Lummis, Charles F. 1909
The wonders of the Grand Canyon cannot be adequately
represented in symbols of speech nor by speech itself. The resources of
the graphic art are taxed beyond their powers in attempting to portray its
features... The glories and beauties of form, color and sound unite in the
Grand Canyon... It has infinite variety and no part is ever duplicated.
Its colors, although many and complex at any instant, change with the
ascending and declining sun... You cannot see the Grand Canyon in one
view...but to see it you have to toil from month to month through this
labyrinths...but if strength and courage are sufficient for the task, by a
year's toil a concept of sublimity can be obtained never again to be
equaled on hither side of Paradise."
Powell, John Wesley 1909
"It is impossible in a few pages to do
justice, in the smallest degree, to the great gorge itself - "that
sublimest thing on earth" - or to the perils and adventures of our
journey through it.
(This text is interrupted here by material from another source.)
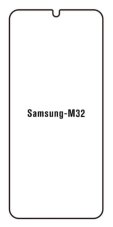 Hydrogel - ochranná fólia - Samsung Galaxy M32 5G
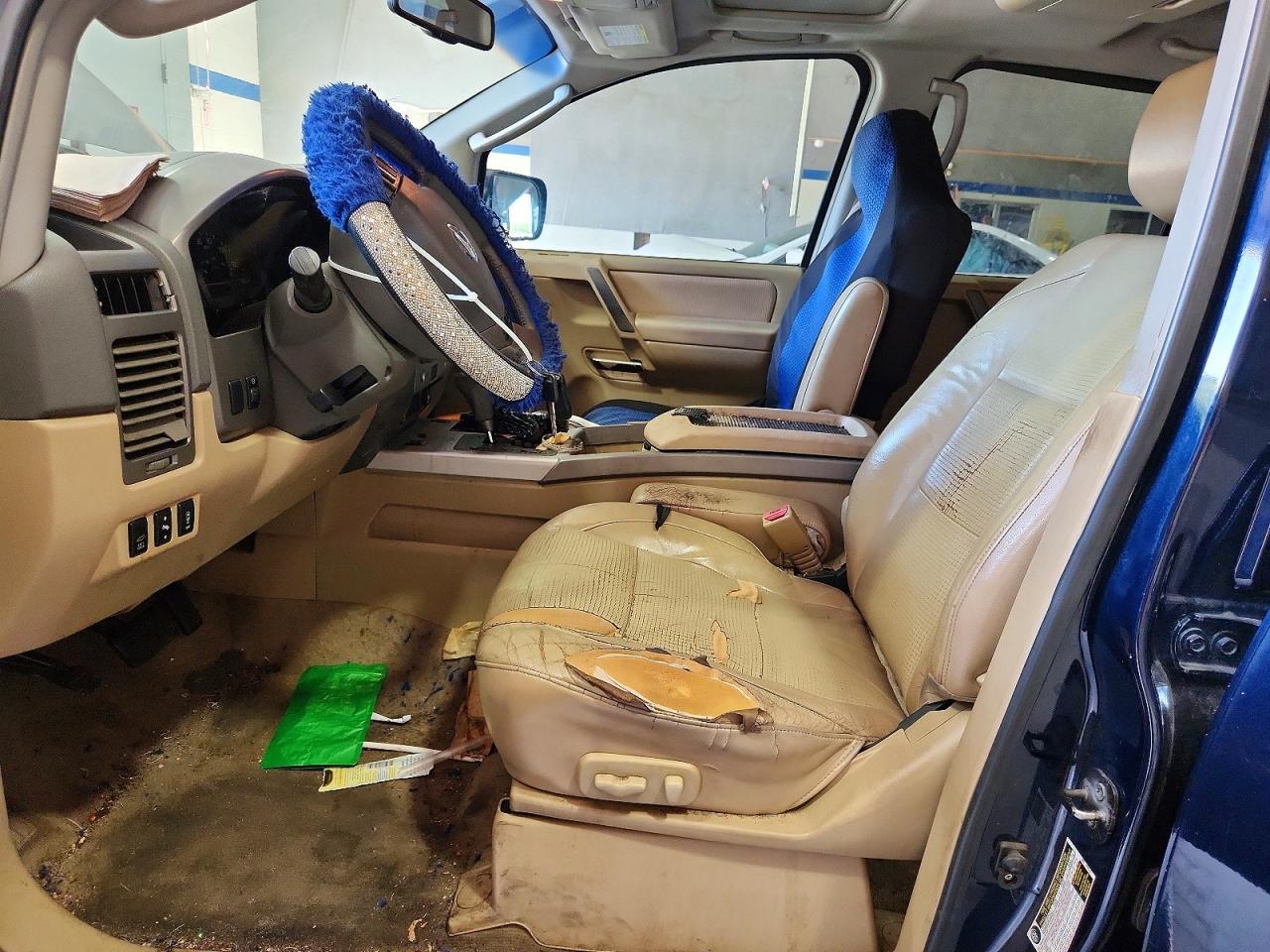 2006 Nissan Armada Se - Фото 7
What then shall we write?"
Stanton, Robert B. 1909
"But look again! Those terrifying
walls are moving, are changing! A new light is not only creeping
over them, but is coming out from their very shadows. See those flattened
slopes above the dark sandstone on top of granite; even at this very
moment they are being colored in gorgeous stripes of horizontal
layers of yellow, brown, white, green, purple. What means this wondrous
change? Wherein lies this secret of the great canyon?
Stanton, Robert B. 1909
"To stand upon the edge of this
stupendous gorge, as it receives its earliest greeting from the god of
day, is to enjoy in a moment compensation for long years of ordinary
uneventful life."
Stoddard, John 1898
"...a descent into the Canon is
essential for a proper estimate of its details, and one can never realize
the enormity of certain valleys, till he has crawled like a maimed insect
at their base and looked thence upward to the narrowed sky."